Normalized solutions for NLS equations with potential on bounded domains: Ground states and multiplicity

TL;DR

This paper studies normalized solutions for nonlinear Schrödinger equations with potential on bounded domains, establishing existence and multiplicity results for ground states and high-energy solutions under various conditions, including non-star-shaped domains.

Contribution

It provides new existence results for normalized solutions on bounded domains, addressing open problems and extending prior work to non-star-shaped domains and supercritical nonlinearities.

Findings

Existence of global minimum and high-energy solutions for certain nonlinearities.

Solutions exist without requiring the domain to be star-shaped in some cases.

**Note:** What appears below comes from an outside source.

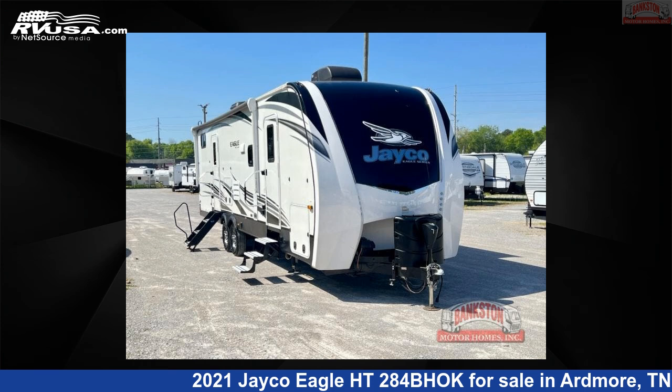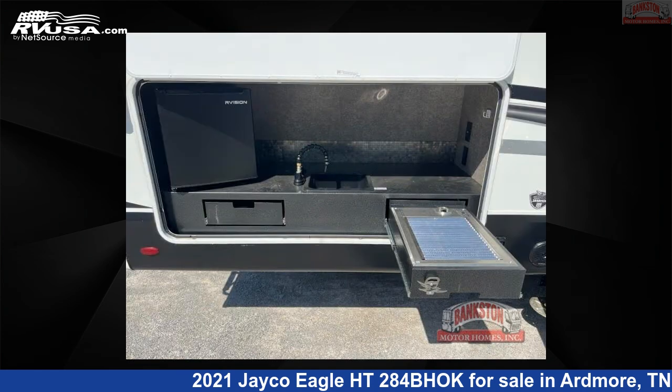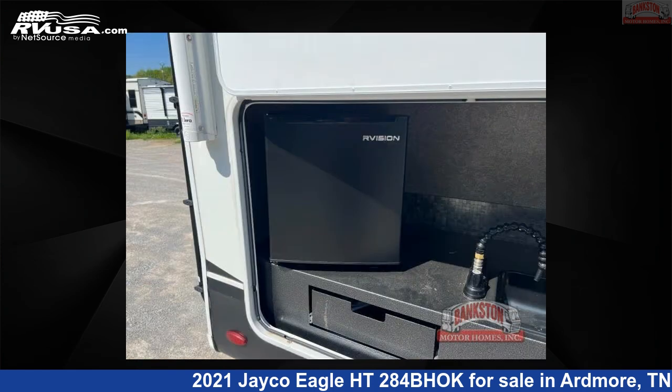This 2021 Jayco Eagle HT284BHOK is a travel trailer RV located in Ardmore, Tennessee, 38449, and is offered for sale by Bankston Motorhomes of Ardmore. Click the link in the video description to visit RVUSA.com and see more photos as well as the current price.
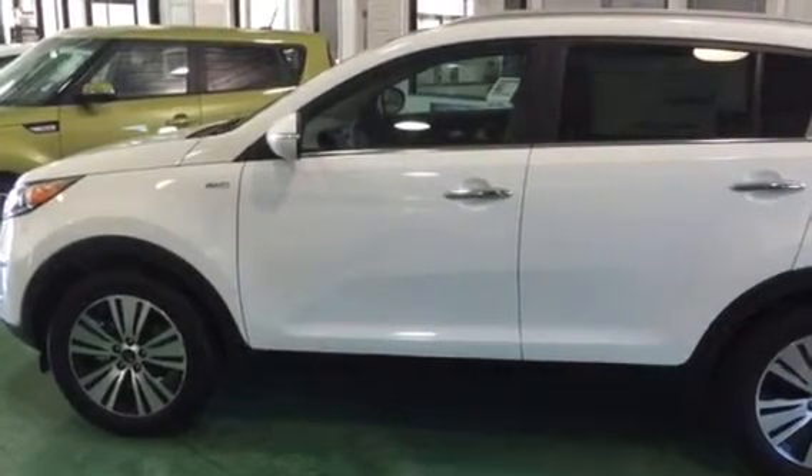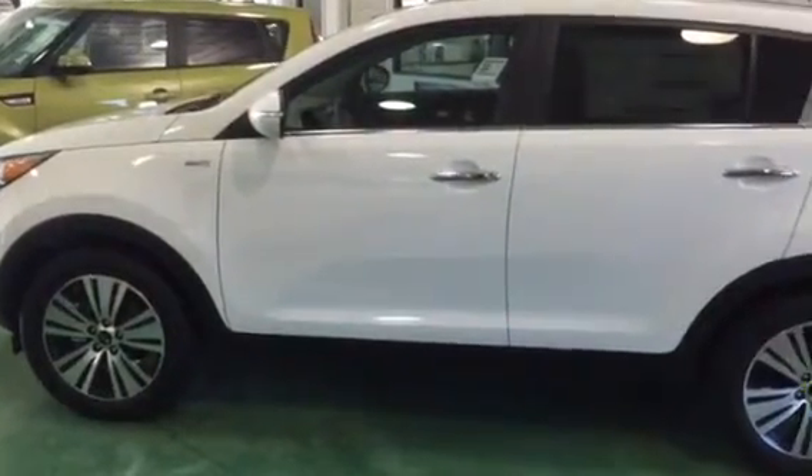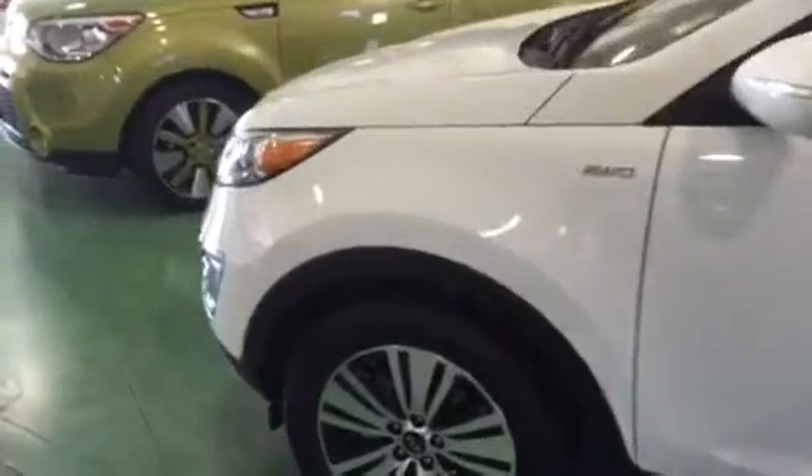Hey Amy, Scott Garner with YoungKey in Kaysville. I just wanted to thank you for your interest in the 2016 Kia Sportage. I wanted to make this video for you. So this one is the EX — it has some great features on it for you.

New results on normalized ground states in the Brézis-Nirenberg problem context.

Abstract

We investigate normalized solutions for a class of nonlinear Schr\"{o}dinger (NLS) equations with potential $V$ and inhomogeneous nonlinearity $g(|u|)u=|u|^{q-2}u+\beta |u|^{p-2}u$ on a bounded domain $\Omega$. Firstly, when $2+\frac{4}{N}<q<p\leq2^*:=\frac{2N}{N-2}$ and $\beta=-1$, under an explicit smallness assumption on $V$, we prove the existence of a global minimum solution and a high-energy solution if the mass is large enough. For this case we do not require that $\Omega$ is star-shaped, which partly solves an open problem by Bartsch et al. [Math. Ann. 390 (2024) 4813--4859]. Moreover, we find that the global minimizer also exists although the nonlinearity is $L^2$-supercritical. Secondly, when $2<q<2+\frac{4}{N}<p=2^*$ and $\beta=1$, under the smallness and some extra assumptions on $V$, we prove the existence of a ground state and a high-energy solution if $\Omega$ is star-shaped and the mass is small enough. It seems to be new in the study of normalized ground state in the context of the Br\'{e}zis-Nirenberg problem, even for the autonomous case of $V(x)\equiv0$.